Que signifie cet échec pour Angela Merkel ?

Il représente un sérieux revers politique. La chancelière n’est pas parvenue à rassembler autour d’un projet commun et il est difficile de ne pas y voir un signal de défiance. D’autant que, sur le plan international, elle a déjà mené nombre de négociations avec succès et est reconnue pour être très efficace dans ce domaine.

Comment expliquer alors qu’elle n’ait pu faire aboutir ce processus sur le plan national ?

Le problème est qu’elle devait concilier des partis qui l’étaient difficilement sur le plan des idées d’une part et qui, se trouvant politiquement affaiblis, étaient peu désireux de se retrouver dilués dans un gouvernement de coalition, d’autre part. Le FDP sort d’une période durant laquelle il s’est trouvé exclu du Bundestag et son président, Christian Lindner, ne voulait pas prendre le risque de perdre à nouveau en influence. Quant aux Verts, accepter un accord aurait impliqué trop de renoncements.

Quels ont été les principaux points d’achoppement ?

La crise s’est formée sur deux points principaux : la question de l’immigration et, plus précisément, du durcissement des conditions du regroupement familial pour certaines catégories de réfugiés, et celle de la transition énergétique, les Verts étant particulièrement soucieux de voir le recours aux énergies fossiles limité au profit de l’électrique. À cela se sont ajoutés, dans une moindre mesure, des points de politique étrangère, tels que les relations avec la Russie dont le FDP était prêt à se rapprocher au nom de certains intérêts nationaux.

Quelles peuvent être les conséquences de cette crise pour la chancelière ?

Il est clair qu’elle en sort affaiblie. Cette crise révèle une usure du pouvoir qu’elle incarne depuis trois mandats.
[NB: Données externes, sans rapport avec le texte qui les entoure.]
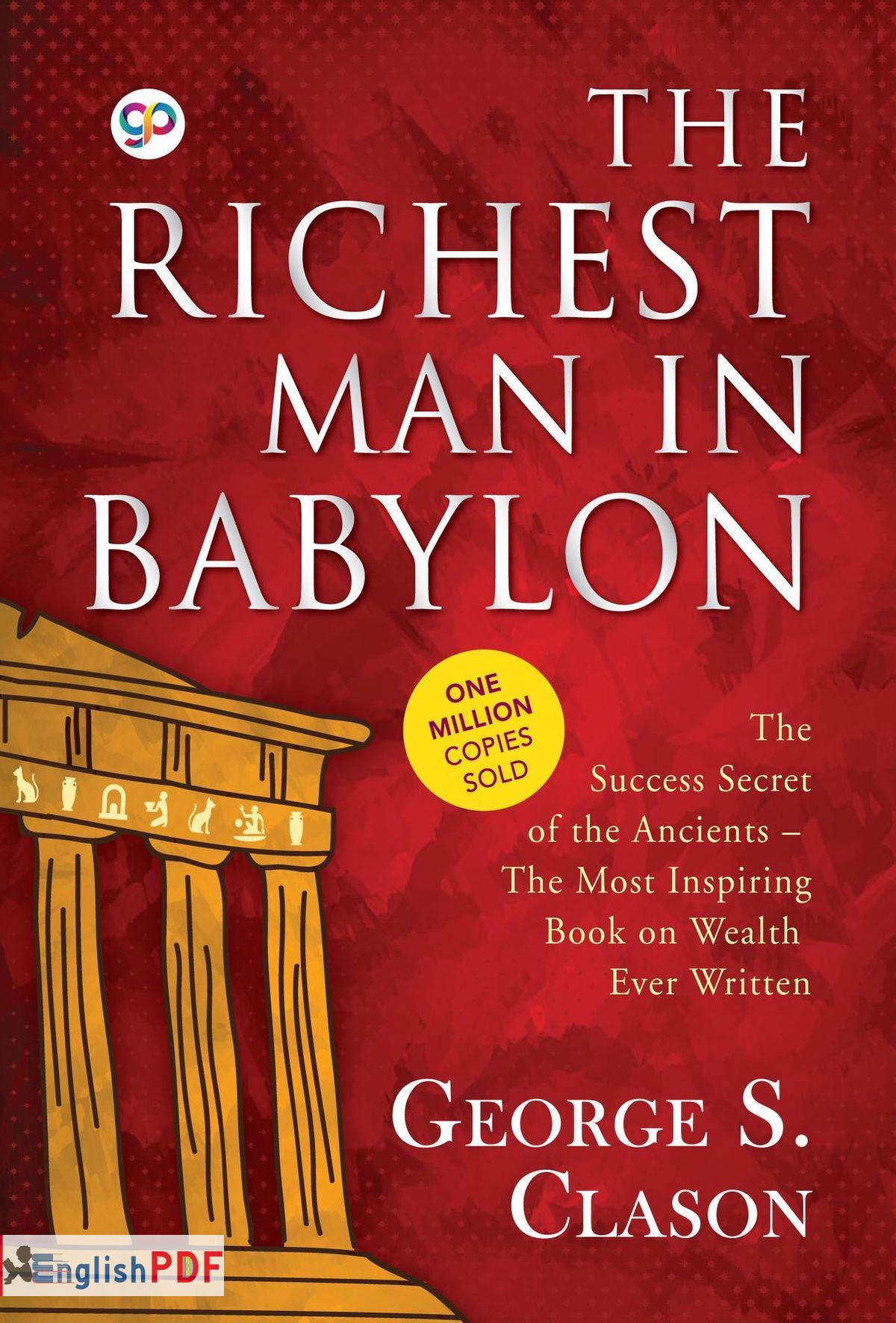 The Richest Man in Babylon by George S Clason Nuria Store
Elle apparaît sanctionnée pour avoir sans doute manqué de positions franches sur un certain nombre de sujets et, aussi, pour avoir donné l’impression générale qu’elle se contentait de suivre les événements sans parvenir à les anticiper. Impression qui résulte d’une succession de crises et notamment de la crise des réfugiés qui a donné d’elle l’image d’un leader dépourvu de vision. Voilà pourquoi, pour Angela Merkel, la crise actuelle a aussi valeur de sanction. 
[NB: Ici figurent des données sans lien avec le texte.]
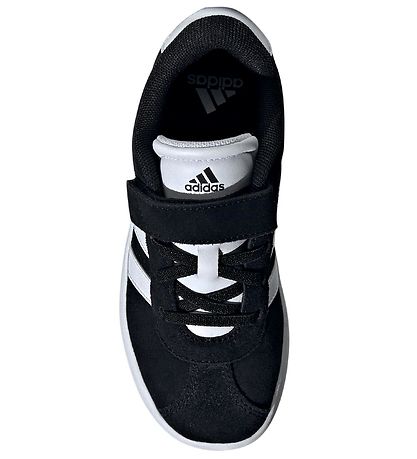 adidas Performance Schuhe - VL COURT 3.0 EL C - Schwarz/Weiß adidas Performance Schuhe - VL COURT 3.0 EL C - Schwarz/Weiß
Aujourd’hui, quelles sont les options envisageables ?

Il y en a plusieurs et aucune ne semble satisfaisante. D’abord, on peut imaginer que la CDU cherche à conclure un accord avec un autre partenaire, ce qui semble très compliqué. Ensuite, Angela Merkel peut rester à la tête d’un gouvernement minoritaire, ce qui réduirait considérablement sa marge de manœuvre en l’obligeant à tout négocier. Son leadership politique s’en trouverait affaibli, d’autant qu’il s’agirait là d’une situation à laquelle le pays n’est absolument pas habitué. L’Allemagne est un régime parlementaire, ce qui signifie que le gouvernement doit avoir la confiance de l’Assemblée. Un gouvernement minoritaire n’obtiendrait qu’une confiance partielle, ce qui, en termes de gouvernance, le placerait dans une position très inconfortable.

Une autre option envisagée consisterait à organiser de nouvelles élections…
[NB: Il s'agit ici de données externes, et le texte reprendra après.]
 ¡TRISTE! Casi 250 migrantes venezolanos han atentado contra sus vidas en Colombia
Effectivement mais là encore, cette solution n’est pas sans risque. D’abord parce que rien ne dit que de nouvelles élections aboutiraient à un résultat différent de celles de septembre. Ensuite parce que le parti d’extrême droite AFD, qui a déjà fait son entrée au Parlement, pourrait en sortir renforcé compte tenu du climat général. Or même une légère progression suffirait à envoyer un signal extrêmement négatif au pays et au reste de l’Europe.

Quel impact cette crise allemande peut-elle avoir sur l’Europe ?

Une crise prolongée freinerait la relance européenne en raison de la perte de leadership qu’elle occasionnerait au sein du binôme franco-allemand lequel, comme chacun sait, est moteur dans ce projet. Dépourvu de majorité, le gouvernement allemand n’aurait pas les coudées franches pour agir sur les différents dossiers qui s’imposent : consolider la zone euro, définir une politique d’immigration commune, penser l’Europe de la défense… Un gouvernement minoritaire constamment menacé d’un vote négatif au Bundestag ne serait pas en capacité de mener ces dossiers majeurs sans lesquels il ne peut y avoir de véritable relance européenne.